The decision to foster didn’t take much time or hemming and hawing. I knew I wasn’t quite settled enough in my life to adopt a dog and make that 15-year commitment, but I was settled enough to provide a loving temporary home for a little furball who needed it. I live in a clean, big apartment in the very dog-friendly area of Arlington, VA. My apartment building has multiple dog parks around it and even in our lobby there is a bowl of mints for humans and a bowl of dog treats next to it. I work as a journalist, which affords me a reasonably
flexible schedule, including working at home occasionally. With my schedule, living conditions and desire to take care of a little one, fostering was a no-brainer.
My experience with Jack has been interesting so far. I joked with Juliana the other day that fostering has taught me a lot I can apply to my dating life, but it’s surprisingly true. Being single-ish in a big city like Washington DC, you experience a lot and meet many
people. Here are some of the biggest dating/relationship tips fostering has taught me:
Actions don’t always reflect feelings
I fell in love with the little Jack Rabbit the minute I saw him. He’s such a handsome and sweet little guy, it’s impossible not to. It took a few hours for him to warm up to me, but once he did, I was his. He follows on my heels when I walk into another room and will happily jump up and curl his little body next to mine when I sit and watch hours of Law & Order:SVU…errr.. I mean when I’m researching political trends throughout history for my upcoming book.
However, if I had my druthers, I’d want him to be a snuggle monster 24/7 and that just isn’t the case. He likes to have his time to gnaw on his antler or repeatedly break the imaginary neck of his elephant. No matter how much I cajole, sometimes he just isn’t in the mood for the whole cozy thing. In similar situation with human males, I’ve been known to over-analyze, worrying that even though they seemed to like me the day before, this one instance clearly shows their feelings have changed. However, with Jack, I know he still adores me, he just wants his alone time.
Love really does mean letting go if it’s in their best interest
I think the most difficult part of fostering is inherent: you will eventually have to let them go. I came into this knowing that part of the fostermom description, but specifically it’s taught me that, like in relationships, you should cherish every moment with that other half. You never know when it will eventually come to its natural end, and when that time comes, instead of wallowing in the feeling of loss, it’s better to focus on the fact that it’s for their own good.

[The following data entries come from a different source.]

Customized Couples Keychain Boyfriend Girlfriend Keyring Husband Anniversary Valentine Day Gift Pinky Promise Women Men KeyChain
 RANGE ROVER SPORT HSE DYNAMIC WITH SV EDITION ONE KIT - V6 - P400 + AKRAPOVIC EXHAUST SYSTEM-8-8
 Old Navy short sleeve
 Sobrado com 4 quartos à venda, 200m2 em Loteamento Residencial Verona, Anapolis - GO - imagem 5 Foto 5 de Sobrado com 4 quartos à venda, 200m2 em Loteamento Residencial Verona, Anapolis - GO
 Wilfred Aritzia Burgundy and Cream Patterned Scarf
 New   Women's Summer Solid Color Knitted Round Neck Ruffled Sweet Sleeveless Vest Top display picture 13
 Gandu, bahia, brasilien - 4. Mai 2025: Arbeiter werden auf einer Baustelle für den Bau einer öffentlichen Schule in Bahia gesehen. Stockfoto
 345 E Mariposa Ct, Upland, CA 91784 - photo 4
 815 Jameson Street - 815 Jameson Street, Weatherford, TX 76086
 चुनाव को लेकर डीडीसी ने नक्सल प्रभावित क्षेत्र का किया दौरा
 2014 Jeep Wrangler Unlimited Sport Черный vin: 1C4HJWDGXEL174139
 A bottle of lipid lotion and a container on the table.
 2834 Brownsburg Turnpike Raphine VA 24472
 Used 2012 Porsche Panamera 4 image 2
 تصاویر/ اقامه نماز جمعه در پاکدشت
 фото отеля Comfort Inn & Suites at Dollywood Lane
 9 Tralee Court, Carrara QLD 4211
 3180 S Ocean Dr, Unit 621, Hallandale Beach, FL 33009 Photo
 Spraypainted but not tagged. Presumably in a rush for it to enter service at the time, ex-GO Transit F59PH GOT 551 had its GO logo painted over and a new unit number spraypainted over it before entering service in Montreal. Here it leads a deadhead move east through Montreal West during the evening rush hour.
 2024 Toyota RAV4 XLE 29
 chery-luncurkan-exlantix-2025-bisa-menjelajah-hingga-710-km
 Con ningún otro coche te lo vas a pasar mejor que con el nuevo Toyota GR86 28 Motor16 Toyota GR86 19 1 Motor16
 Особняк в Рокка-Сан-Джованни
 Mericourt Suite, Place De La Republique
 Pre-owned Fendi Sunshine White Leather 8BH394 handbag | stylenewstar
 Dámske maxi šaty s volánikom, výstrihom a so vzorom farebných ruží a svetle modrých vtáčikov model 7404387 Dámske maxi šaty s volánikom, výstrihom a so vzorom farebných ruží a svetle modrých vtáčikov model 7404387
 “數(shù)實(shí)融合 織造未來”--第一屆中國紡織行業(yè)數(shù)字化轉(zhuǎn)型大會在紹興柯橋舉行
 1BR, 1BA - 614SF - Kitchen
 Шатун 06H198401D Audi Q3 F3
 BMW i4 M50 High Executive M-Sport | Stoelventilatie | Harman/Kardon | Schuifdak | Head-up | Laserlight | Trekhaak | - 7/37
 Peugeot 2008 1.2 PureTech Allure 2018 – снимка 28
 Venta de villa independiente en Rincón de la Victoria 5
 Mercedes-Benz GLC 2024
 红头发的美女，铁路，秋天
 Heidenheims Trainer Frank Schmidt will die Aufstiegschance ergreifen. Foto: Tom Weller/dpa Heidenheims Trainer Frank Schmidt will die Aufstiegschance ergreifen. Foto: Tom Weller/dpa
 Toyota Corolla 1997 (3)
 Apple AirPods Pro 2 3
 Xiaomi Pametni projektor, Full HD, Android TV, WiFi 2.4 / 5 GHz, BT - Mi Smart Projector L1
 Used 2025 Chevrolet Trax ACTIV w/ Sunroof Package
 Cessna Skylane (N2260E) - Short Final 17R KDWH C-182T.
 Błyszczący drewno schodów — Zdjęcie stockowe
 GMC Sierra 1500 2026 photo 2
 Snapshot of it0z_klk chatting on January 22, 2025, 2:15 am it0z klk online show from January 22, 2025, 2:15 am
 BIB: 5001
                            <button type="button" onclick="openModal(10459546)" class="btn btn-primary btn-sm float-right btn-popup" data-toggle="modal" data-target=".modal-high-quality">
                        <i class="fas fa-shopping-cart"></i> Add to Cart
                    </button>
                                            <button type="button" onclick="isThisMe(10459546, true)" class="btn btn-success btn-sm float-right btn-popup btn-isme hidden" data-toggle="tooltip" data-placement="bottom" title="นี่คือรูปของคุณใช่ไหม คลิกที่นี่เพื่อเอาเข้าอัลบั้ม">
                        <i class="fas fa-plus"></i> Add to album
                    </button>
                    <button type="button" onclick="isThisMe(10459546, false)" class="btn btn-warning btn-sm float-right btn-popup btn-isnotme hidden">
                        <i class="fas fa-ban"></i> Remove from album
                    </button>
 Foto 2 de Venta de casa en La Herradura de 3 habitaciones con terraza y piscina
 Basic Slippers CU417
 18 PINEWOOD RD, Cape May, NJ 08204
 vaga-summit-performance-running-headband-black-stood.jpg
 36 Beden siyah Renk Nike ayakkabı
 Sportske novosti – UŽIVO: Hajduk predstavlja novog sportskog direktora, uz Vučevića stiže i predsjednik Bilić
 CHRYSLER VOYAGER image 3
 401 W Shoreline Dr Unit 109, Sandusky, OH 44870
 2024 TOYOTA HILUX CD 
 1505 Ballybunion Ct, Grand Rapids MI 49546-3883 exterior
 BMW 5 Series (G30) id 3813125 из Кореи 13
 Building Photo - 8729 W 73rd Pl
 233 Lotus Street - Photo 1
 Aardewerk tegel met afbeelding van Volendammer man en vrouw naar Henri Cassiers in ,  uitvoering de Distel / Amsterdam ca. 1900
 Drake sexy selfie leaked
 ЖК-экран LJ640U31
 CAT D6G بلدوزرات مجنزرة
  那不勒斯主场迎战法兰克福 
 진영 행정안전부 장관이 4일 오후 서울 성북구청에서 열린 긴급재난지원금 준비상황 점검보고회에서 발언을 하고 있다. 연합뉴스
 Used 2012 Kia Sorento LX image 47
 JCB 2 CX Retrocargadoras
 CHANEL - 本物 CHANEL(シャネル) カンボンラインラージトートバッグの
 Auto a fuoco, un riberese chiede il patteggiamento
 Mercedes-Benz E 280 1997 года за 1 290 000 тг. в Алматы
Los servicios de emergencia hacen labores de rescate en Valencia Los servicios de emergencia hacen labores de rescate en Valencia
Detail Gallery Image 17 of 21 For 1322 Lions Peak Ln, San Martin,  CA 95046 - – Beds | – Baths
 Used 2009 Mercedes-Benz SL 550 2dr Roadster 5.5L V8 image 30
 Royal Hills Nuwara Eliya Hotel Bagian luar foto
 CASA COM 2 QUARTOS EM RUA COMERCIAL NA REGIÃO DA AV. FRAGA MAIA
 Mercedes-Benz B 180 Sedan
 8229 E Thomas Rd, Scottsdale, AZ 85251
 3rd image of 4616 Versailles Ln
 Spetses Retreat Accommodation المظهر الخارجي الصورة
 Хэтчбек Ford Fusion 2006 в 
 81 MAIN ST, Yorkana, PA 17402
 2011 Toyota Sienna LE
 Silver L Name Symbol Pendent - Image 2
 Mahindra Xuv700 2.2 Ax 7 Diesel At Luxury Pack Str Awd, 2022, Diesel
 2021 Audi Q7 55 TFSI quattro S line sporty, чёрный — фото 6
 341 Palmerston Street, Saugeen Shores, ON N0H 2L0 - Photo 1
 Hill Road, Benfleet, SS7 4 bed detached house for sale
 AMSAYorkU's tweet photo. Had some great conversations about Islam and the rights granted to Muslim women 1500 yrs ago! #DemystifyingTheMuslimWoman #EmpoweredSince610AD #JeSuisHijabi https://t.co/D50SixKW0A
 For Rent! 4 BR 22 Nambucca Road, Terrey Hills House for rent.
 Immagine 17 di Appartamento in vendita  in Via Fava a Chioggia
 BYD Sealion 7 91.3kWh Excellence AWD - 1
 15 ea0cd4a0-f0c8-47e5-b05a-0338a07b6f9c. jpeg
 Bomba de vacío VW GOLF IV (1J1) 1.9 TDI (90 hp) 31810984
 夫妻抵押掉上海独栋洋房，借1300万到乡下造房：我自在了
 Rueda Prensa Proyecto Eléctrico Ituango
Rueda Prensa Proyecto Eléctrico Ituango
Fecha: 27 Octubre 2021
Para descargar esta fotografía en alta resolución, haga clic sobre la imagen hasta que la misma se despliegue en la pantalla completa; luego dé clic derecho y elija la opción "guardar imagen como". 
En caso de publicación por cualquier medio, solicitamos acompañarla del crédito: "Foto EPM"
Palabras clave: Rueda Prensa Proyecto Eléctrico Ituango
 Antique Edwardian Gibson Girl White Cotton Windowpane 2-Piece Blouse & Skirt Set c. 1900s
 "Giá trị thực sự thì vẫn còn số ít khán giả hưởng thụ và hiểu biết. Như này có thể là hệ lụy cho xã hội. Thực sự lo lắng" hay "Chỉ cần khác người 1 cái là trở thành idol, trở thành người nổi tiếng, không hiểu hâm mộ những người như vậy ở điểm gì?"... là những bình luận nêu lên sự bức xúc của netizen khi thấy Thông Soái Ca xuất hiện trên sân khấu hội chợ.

You all said it well in your tips you wrote on PL&F’s facebook page. There is an incredible amount of patience needed to take care of and love another living thing. Jack may be wonderful most of the time, but he doesn’t always do what I want him too, nor can I expect him to. I’m not a morning person (not as in I dislike getting up at 7, more along the lines of anytime before noon gets me extremely hostile), however for Jack’s well-being, I need to take him out much earlier than my normal wake up time.
Also being a dog, he doesn’t have as much control over situations, or his body. Can I get upset with him if he pees on my carpet because he’s nervous? Forgiveness is key when paired with patience. I can instruct him to not do so in the future and provide incentive and praise when he uses the bathroom outside, but I can’t get angry. This carries over to dating too. If a guy is wonderful most of the time and screws up once due to things out of his control, there’s no point in getting upset. Even the most wonderful guy, human or furry, sometimes pukes on your carpet, and love is what makes you clean it up at 4 am.